Fake economics!!!
Maybe this will help:
This is the official study that was commissioned several years ago by the city of Seattle to study the impacts of raising the minimum wage, in a move that I applauded at the time as an honest and transparent attempt towards self-examination of a bold policy. It is the first study of a very high city-level minimum wage, with administrative data that has much more detail than is usually available. The first wave (examining the increase to $11/hr) last year was a mixed bag, with fairly imprecise estimates.
These findings, examining another year of data and including the increase to $13/hr, are unequivocal: the policy is an unmitigated disaster. The main findings:
– The numbers of hours worked by low-wage workers fell by *3.5 million hours per quarter*. This was reflected both in thousands of job losses and reductions in hours worked by those who retained their jobs.
– The losses were so dramatic that this increase “reduced income paid to low-wage employees of single-location Seattle businesses by roughly $120 million on an annual basis.” On average, low-wage workers *lost* $125 per month. The minimum wage has always been a lousy income transfer program, but at this level you’d come out ahead just setting a hundred million dollars a year on fire. And that’s before we get into who kept vs lost their jobs.

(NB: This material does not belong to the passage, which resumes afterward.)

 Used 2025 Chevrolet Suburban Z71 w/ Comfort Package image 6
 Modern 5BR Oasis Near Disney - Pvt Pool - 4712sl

– Estimates of the response of labor demand are substantially higher than much of the previous research, which may have been expected given how much higher (and how localized) this minimum wage is relative to previously-studied ones.
– The impacts took some time to be reflected in the level of employment, as predicted by Meer and West (2016).
– The authors are able to replicate the results of other papers that find no impact on the restaurant industry with their own data by imposing the same limitations that other researchers have faced. This shows that those papers’ findings were likely driven by their data limitations. This is an important thing to remember as you see knee-jerk responses coming from the usual corners.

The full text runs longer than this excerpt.